A: The dataset consists of a 'Rock Type Classification Dataset' and a 'Joint Detection Dataset.' The rock type classification data comprises 550,080 pairs of images (JPG) and labeling data (JSON), while the joint detection data comprises 111,345 pairs of images and labeling data.

🤖 C. AI Model / Task

Q: What are the technical reasons for using ResNet and Deeplab V3 models for the two different tasks of rock type classification and joint detection, respectively?

A: The two models have architectures optimized for different tasks. ResNet is widely used for 'Image Classification' tasks that classify images into specific classes based on overall features, thanks to its residual connection structure that enables stable learning even in deep neural networks. In contrast, Deeplab V3 uses Atrous Convolution to efficiently capture context information at various scales, making it more suitable for 'Segmentation' tasks that precisely delineate specific regions (joints/faults) at the pixel level within images.

✅ D. Quality / Process Management

Q: Why were hash values used to remove duplicate image files during data cleansing, and what are the advantages of this method?

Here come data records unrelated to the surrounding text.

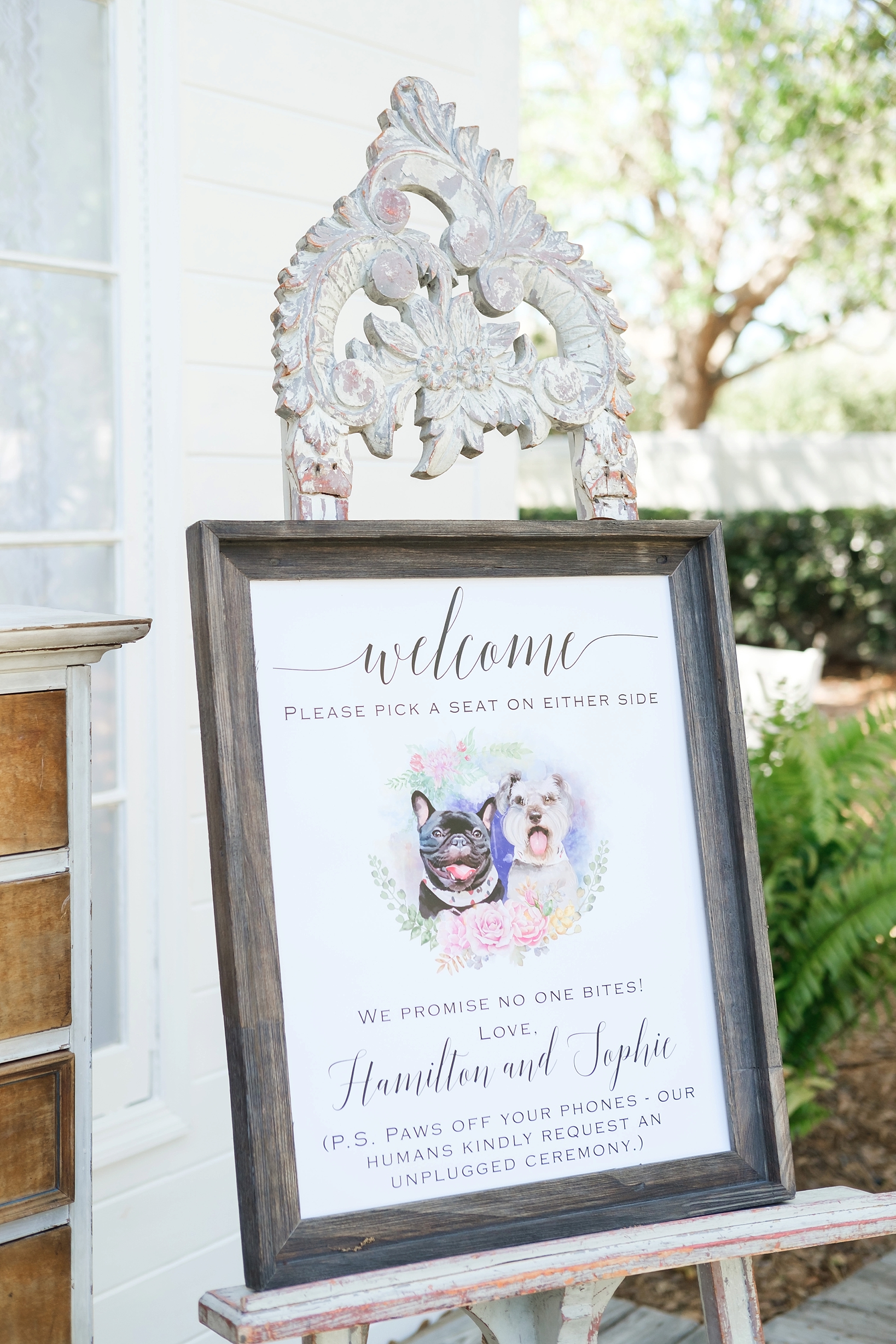 Welcome sign custom made from watercolor paint of the Bride and Groom's dogs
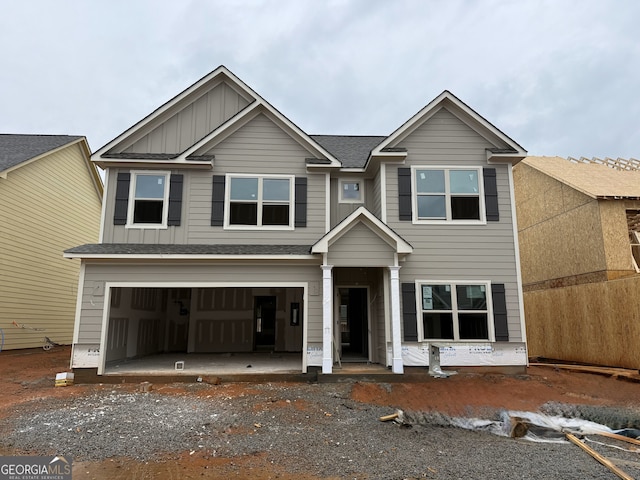 view of front of house featuring board and batten siding, an attached garage, and roof with shingles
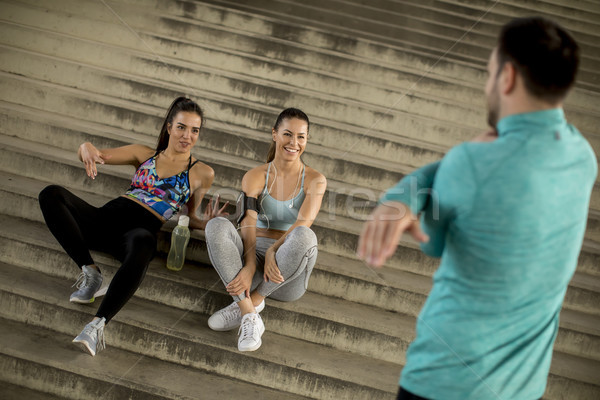 Young people  resting on stairs after training Stock photo © boggy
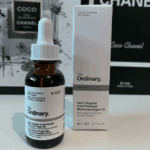The Ordinary Moroccan Argan Oil 30ml bottle standing next to product box on tabletop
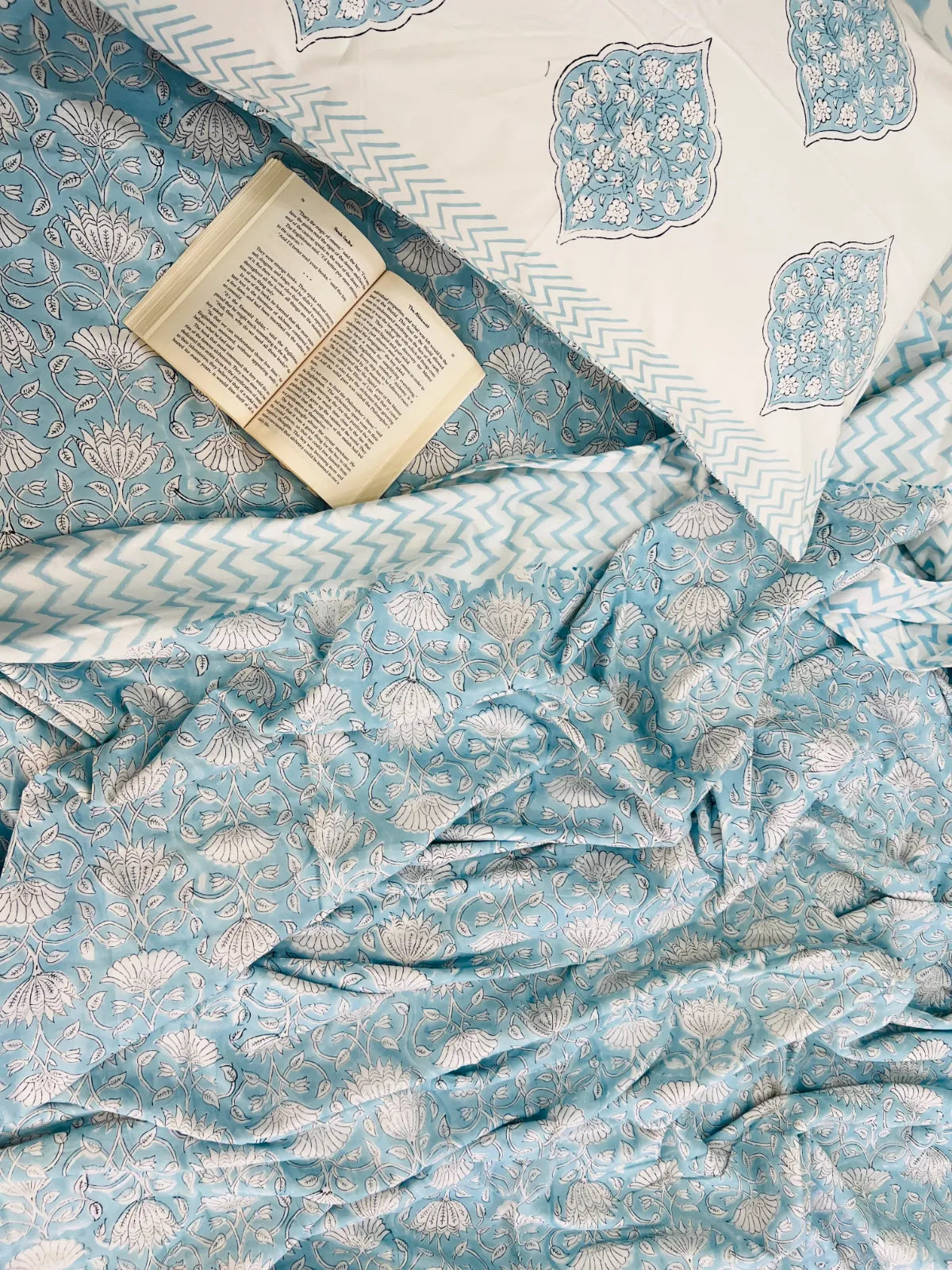 Light blue and white patterned bedding set with a matching pillowcase and an open book styled on top.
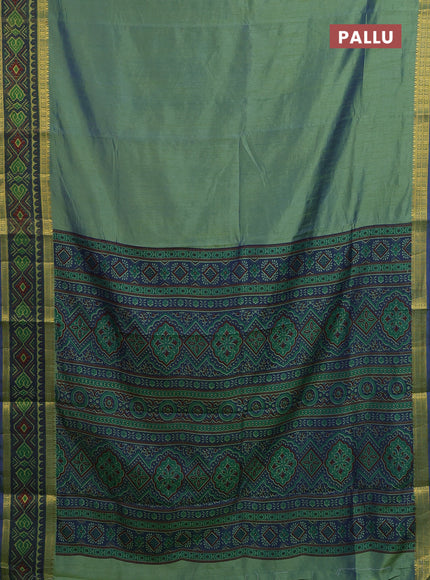 Semi tussar saree dual shade of greenish blue with plain body and ikat woven zari border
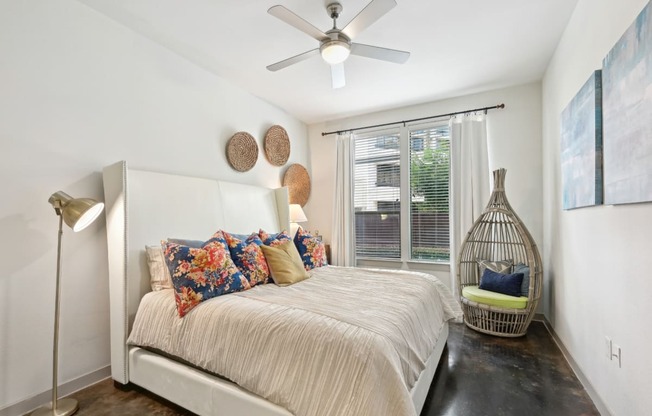 Model bedroom with a bed and a ceiling fan at Harlow River Oaks in Houston, TX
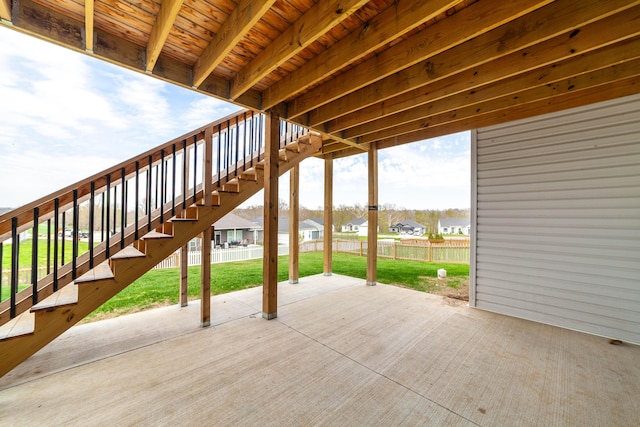 view of patio featuring fence, stairway, and a residential view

A: Hash value comparison using Python's Hashlib library leverages the property that even a single bit difference in image content produces an entirely different hash value. This method is computationally far more efficient than simple pixel-value comparison and can accurately and rapidly identify and remove duplicate files with identical content regardless of differing filenames or metadata, making it highly effective for ensuring data purity.

02. Intelligent Surveillance Service CCTV Video Data

🎯 A. Domain Definition / Purpose

Q: What is the fundamental purpose of building the 'Intelligent Surveillance Service CCTV Video Data'?

A: The purpose of this dataset is to train AI models capable of automatically detecting and analyzing 6 types of major safety incidents and disaster situations including intrusion, fighting, falling, crowding, crowd density, and flooding through intelligent CCTV. The ultimate goal is to enhance surveillance efficiency and strengthen public safety by establishing early detection and rapid response systems when incidents occur.

📊 B. Data Structure / Composition

Q: How many total videos does this dataset contain, and what is the distribution by event type?

A: It consists of a total of 300 videos. Specifically, 200 videos cover 4 general safety incident types (intrusion 55, falling 45, fighting 30, crowding 70), and 100 videos cover 2 specialized event types (crowd density 40, flooding 60).

🤖 C. AI Model / Task

Q: When the AI model task for this dataset is 'anomalous behavior detection in surveillance video,' why is AUC used as the performance metric, and what does the 80% target mean?

A: 'Anomalous behavior detection' often involves imbalanced datasets where abnormal situations occur far less frequently than normal ones. AUC (Area Under the Curve) evaluates how well the model discriminates anomalous situations across all possible thresholds, providing a more robust measurement of overall discriminative performance than accuracy, which depends on a specific threshold. The 80% target represents a practical performance goal indicating the model can detect anomalous behavior at a level significantly above random guessing (AUC 50%).

✅ D. Quality / Process Management

Q: What important role does personal information de-identification play in CCTV footage from a data quality management perspective?

A: Personal information de-identification (blurring, masking) is a critical quality management measure that fulfills legal requirements for privacy law compliance while improving model performance and generalization capability. If facial features, vehicle license plates, and other information remain exposed, the AI model may overfit to incidental information such as specific individuals or vehicles rather than the essence of the problem (e.g., fighting behavior). De-identification removes such biases, guiding the model to focus purely on learning situational and behavioral patterns.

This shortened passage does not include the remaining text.